● **Data section**:

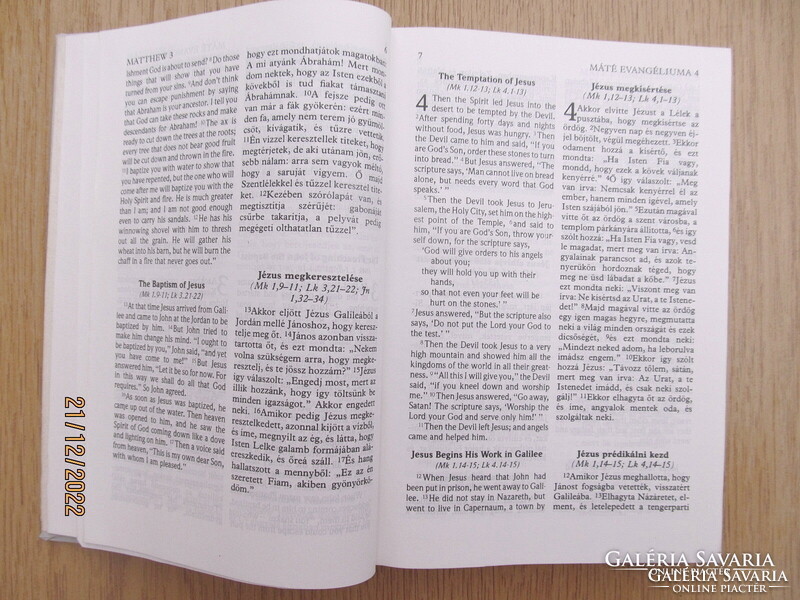 New Testament (Hungarian) - good news for modern man (English).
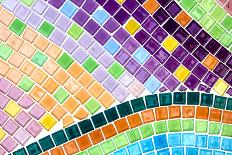 Tile Mosaic Pattern-thiroil-Photographic Print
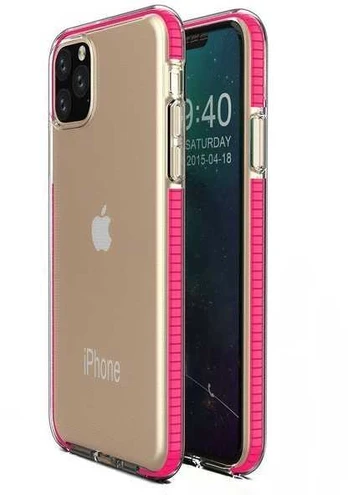 Pink VERGE CASE GEL IPHONE 11 PRO Rožinis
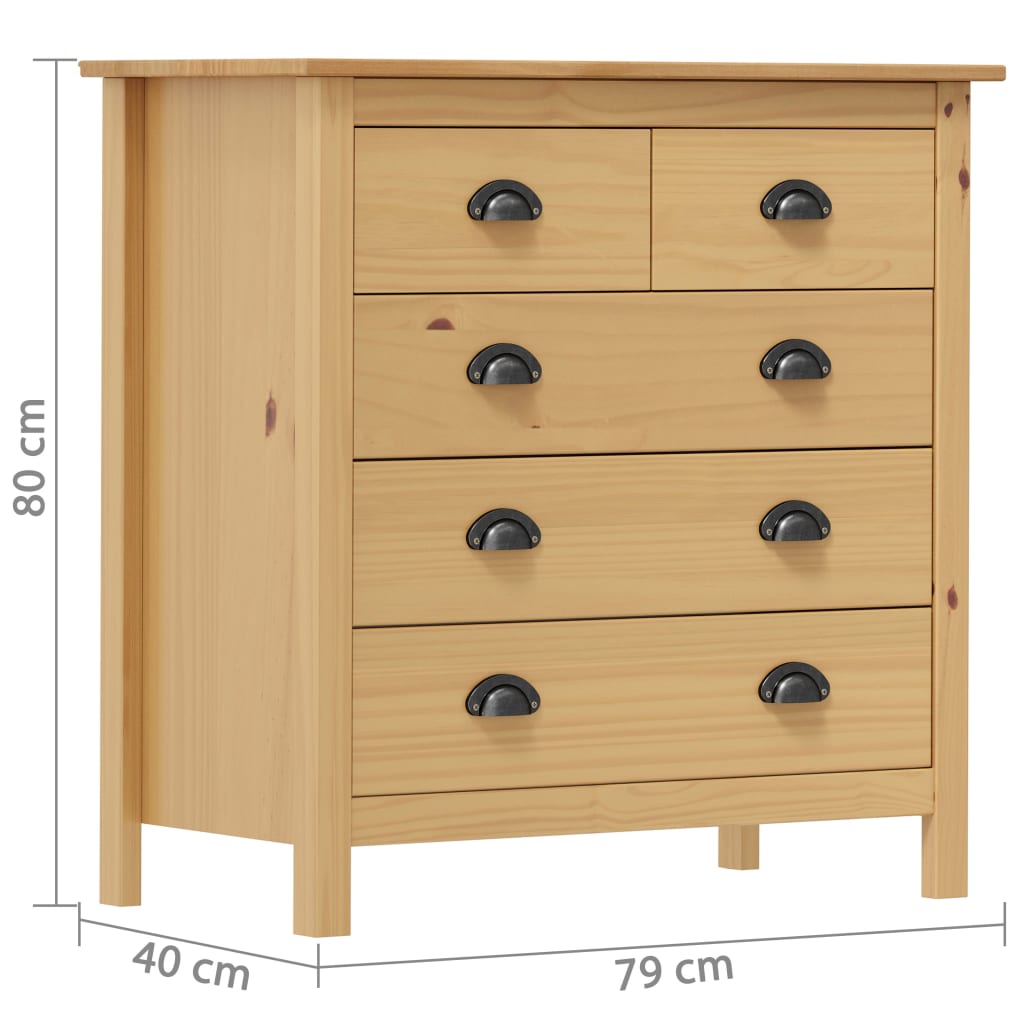 Skjenk Hill 79X40X80 Cm Heltre Furu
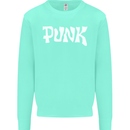 Punk As Worn By Mens Sweatshirt Jumper Peppermint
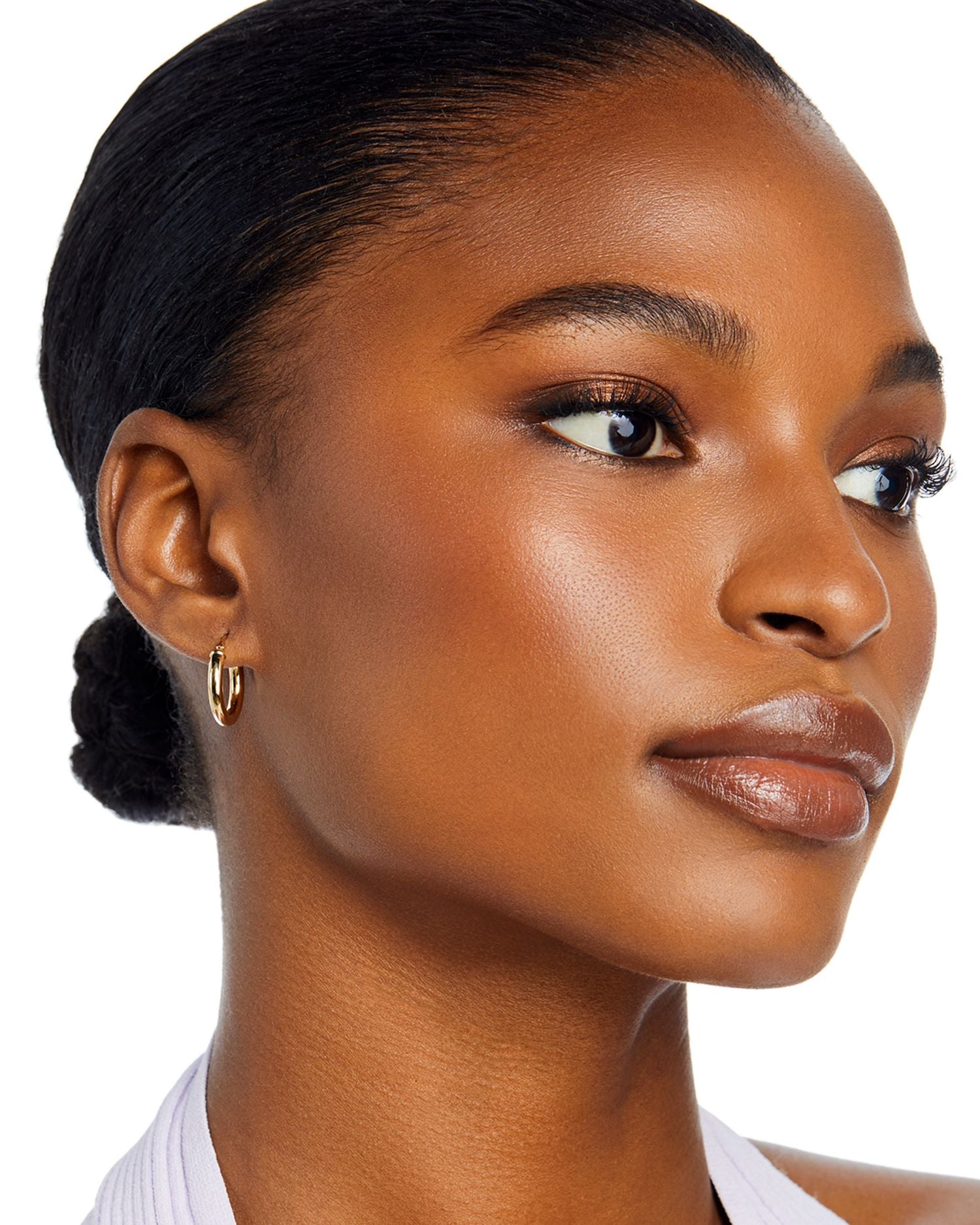 14K Yellow Gold Tube Hoop Earrings - Exclusive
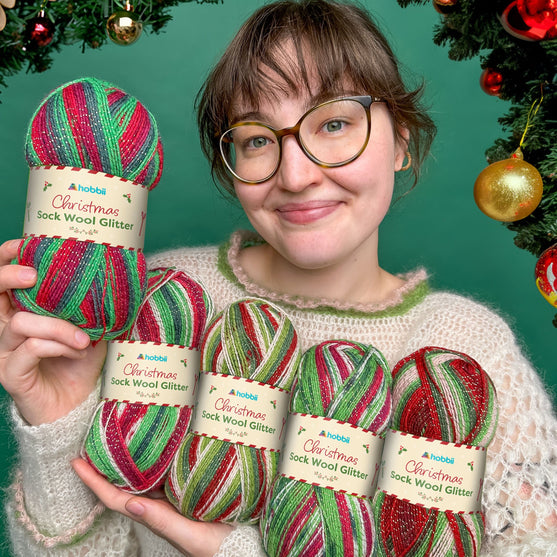 

Christmas Sock Wool Glitter (Édition limitée) - Hobbii
4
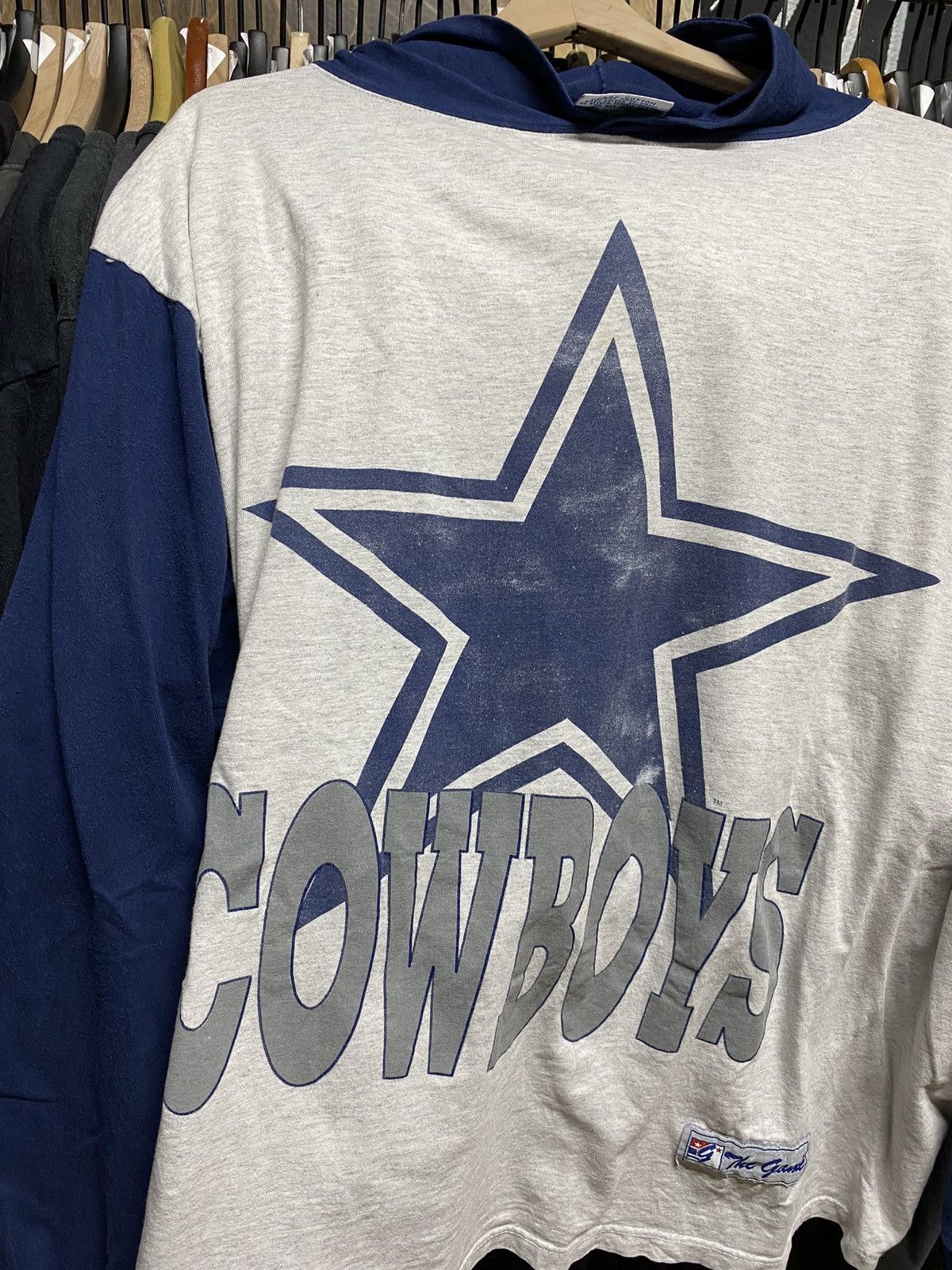 Vintage 90’s Vintage Cowboys Light Hoodie Sweatshirt XLarge Size US XL / EU 56 / 4 - 2 Thumbnail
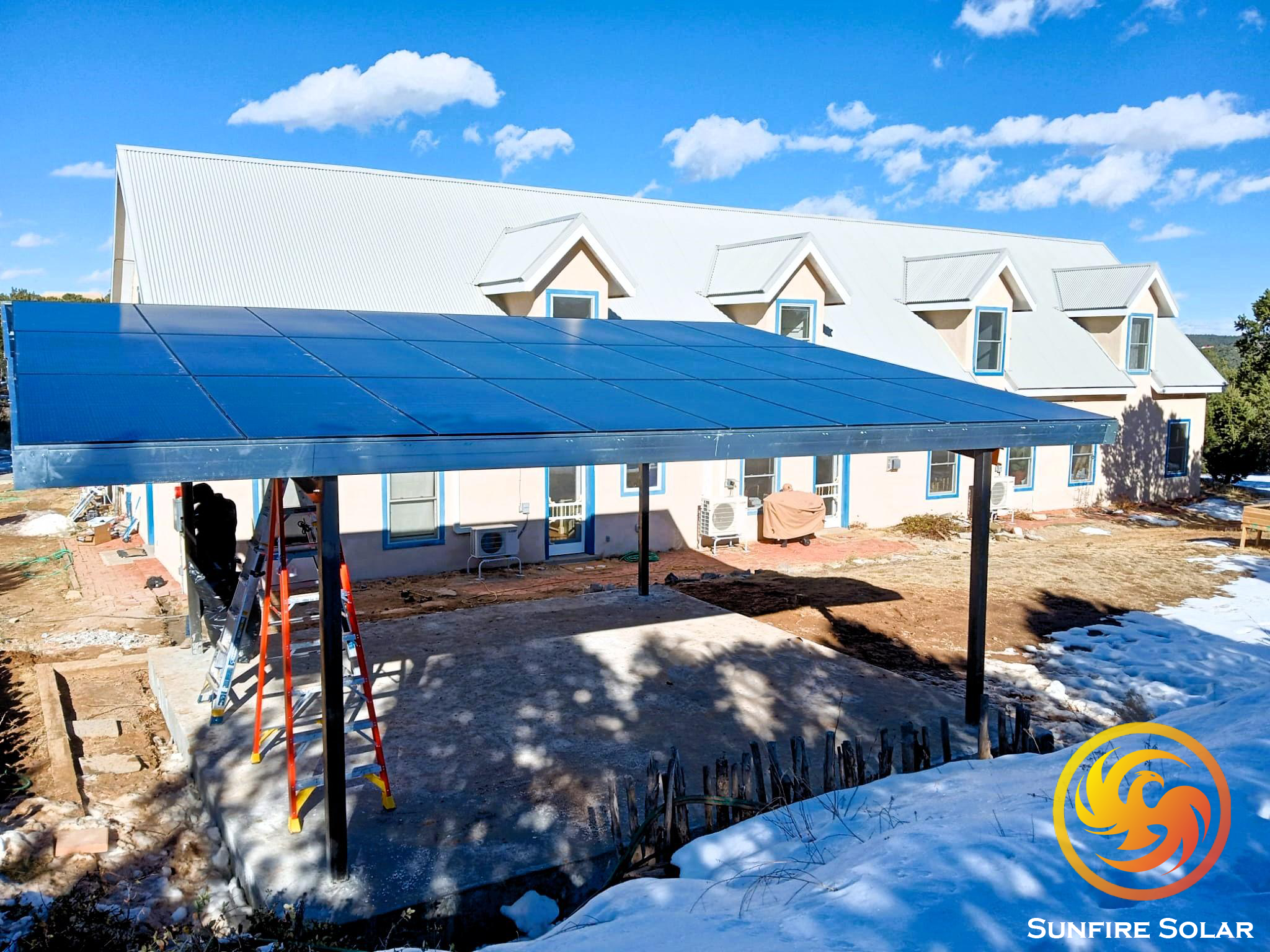 Solar Canopy in Tijeras, NM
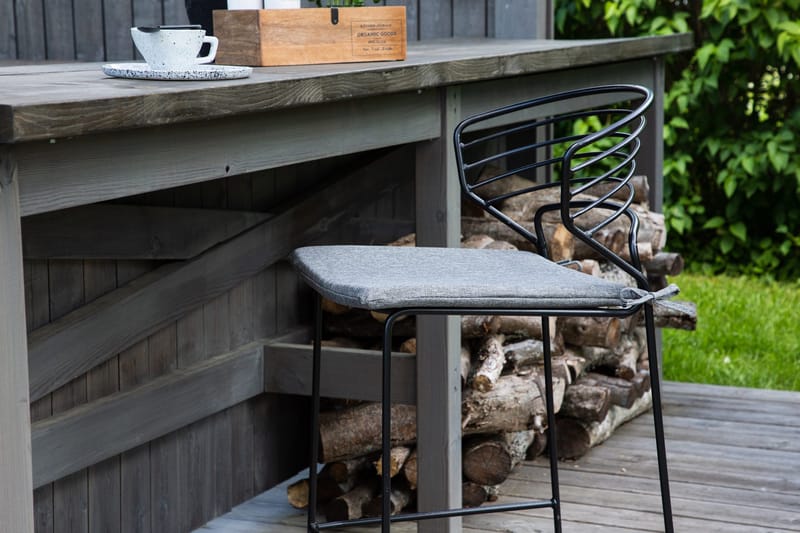 Milano Barstol Utomhus - Svart - Products - Utemöbler & utemiljö - Utestol & trädgårdsstol - Barstol utomhus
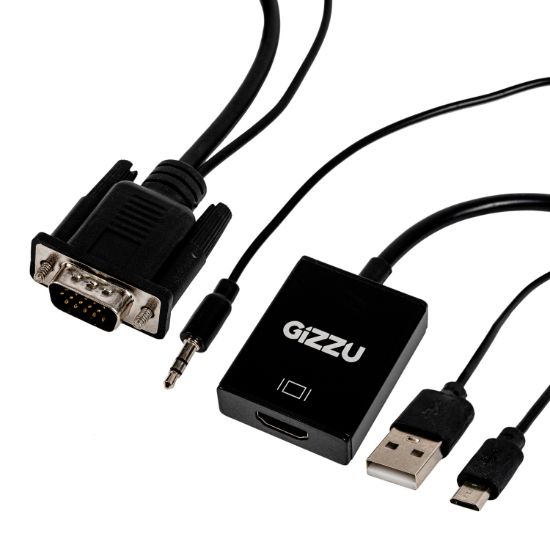 Picture of Gizzu 1080P VGA to HDMI Adapter with Audio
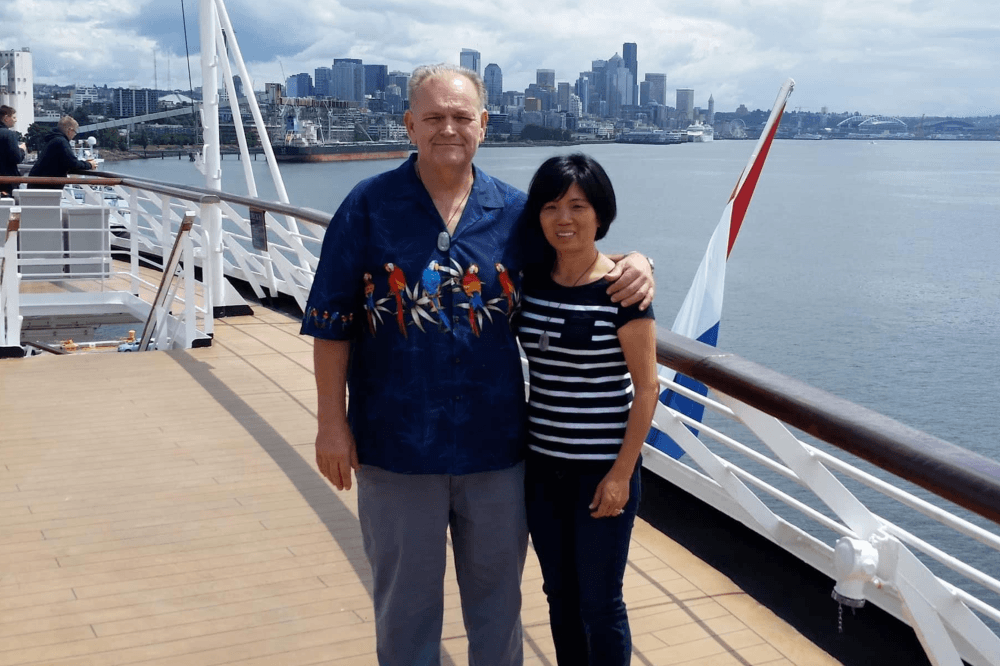 Brad and Ping Aplin, founders of Blue Water Seafood in Houston, continuing their Gulf Coast family fishing legacy and three-decade tradition of serving fresh, locally sourced seafood in a warm, family-friendly restaurant setting.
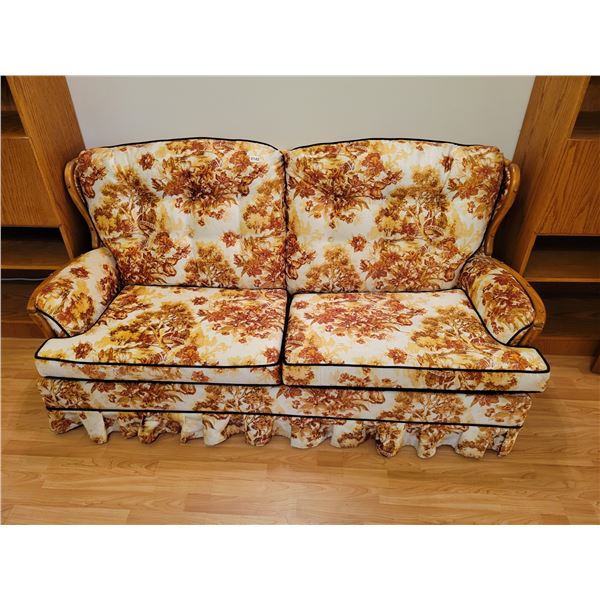 Vintage Floral Hide-A-Bed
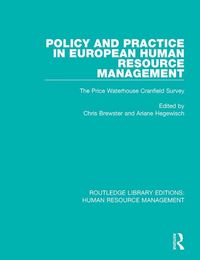 Produktbild: Policy and Practice in European Human Resource Management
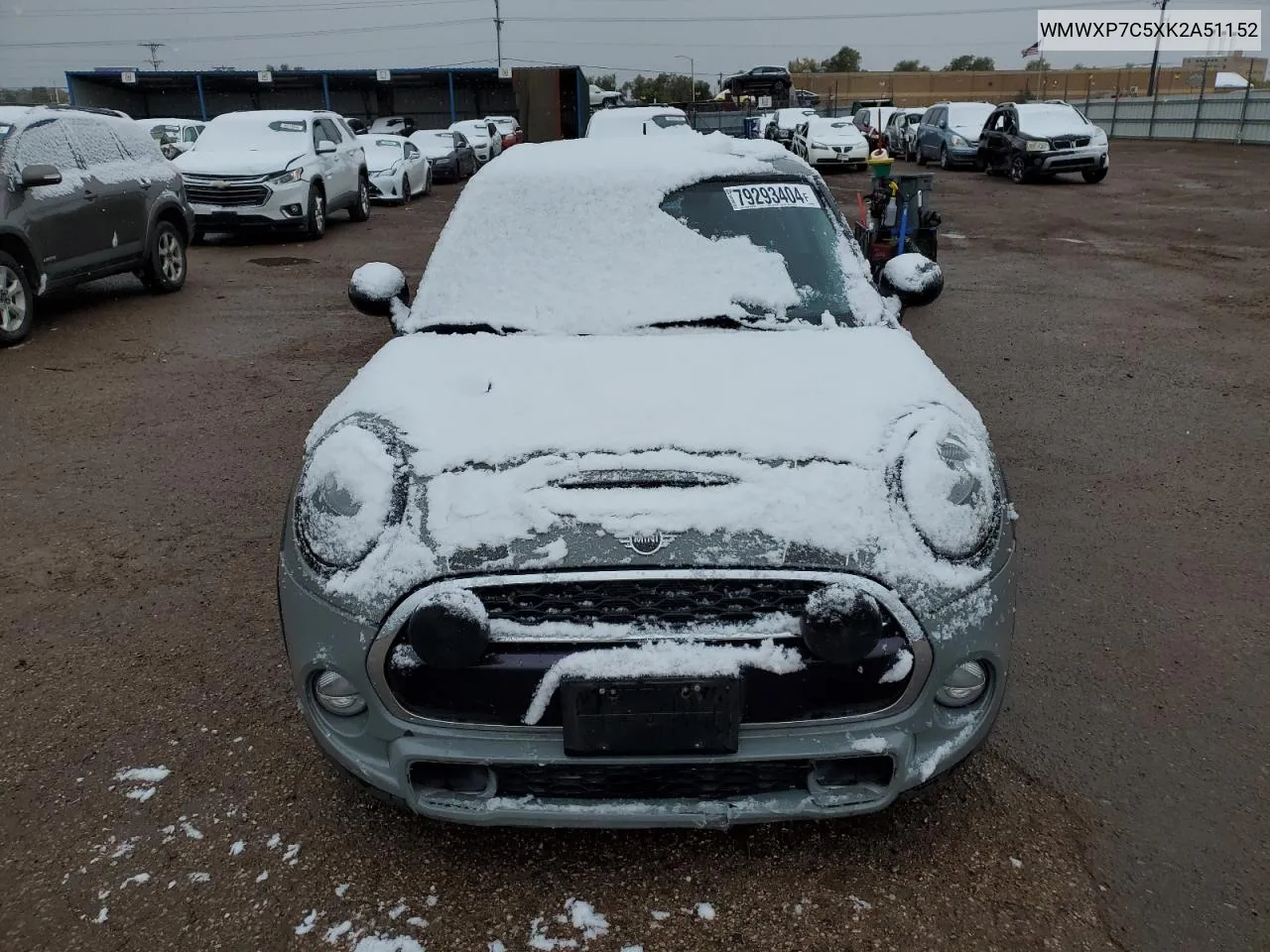 2019 Mini Cooper S VIN: WMWXP7C5XK2A51152 Lot: 79293404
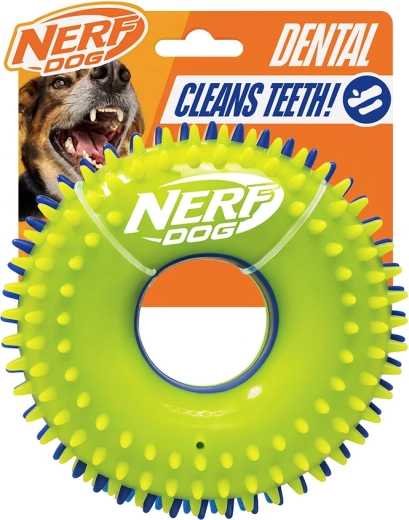 Nerf Dog pivelydende ring med pigge 15 cm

● **Task brief**: Please return the whole listing exactly. Do not copy its images.

● **Exercise response**:
 New Testament (Hungarian) - good news for modern man (English).
 Tile Mosaic Pattern-thiroil-Photographic Print
 Pink VERGE CASE GEL IPHONE 11 PRO Rožinis
 Skjenk Hill 79X40X80 Cm Heltre Furu
 Punk As Worn By Mens Sweatshirt Jumper Peppermint
 14K Yellow Gold Tube Hoop Earrings - Exclusive

Christmas Sock Wool Glitter (Édition limitée) - Hobbii
4
 Vintage 90’s Vintage Cowboys Light Hoodie Sweatshirt XLarge Size US XL / EU 56 / 4 - 2 Thumbnail
 Solar Canopy in Tijeras, NM
 Milano Barstol Utomhus - Svart - Products - Utemöbler & utemiljö - Utestol & trädgårdsstol - Barstol utomhus
 Picture of Gizzu 1080P VGA to HDMI Adapter with Audio
 Brad and Ping Aplin, founders of Blue Water Seafood in Houston, continuing their Gulf Coast family fishing legacy and three-decade tradition of serving fresh, locally sourced seafood in a warm, family-friendly restaurant setting.
 Vintage Floral Hide-A-Bed
 Produktbild: Policy and Practice in European Human Resource Management
 2019 Mini Cooper S VIN: WMWXP7C5XK2A51152 Lot: 79293404
 Nerf Dog pivelydende ring med pigge 15 cm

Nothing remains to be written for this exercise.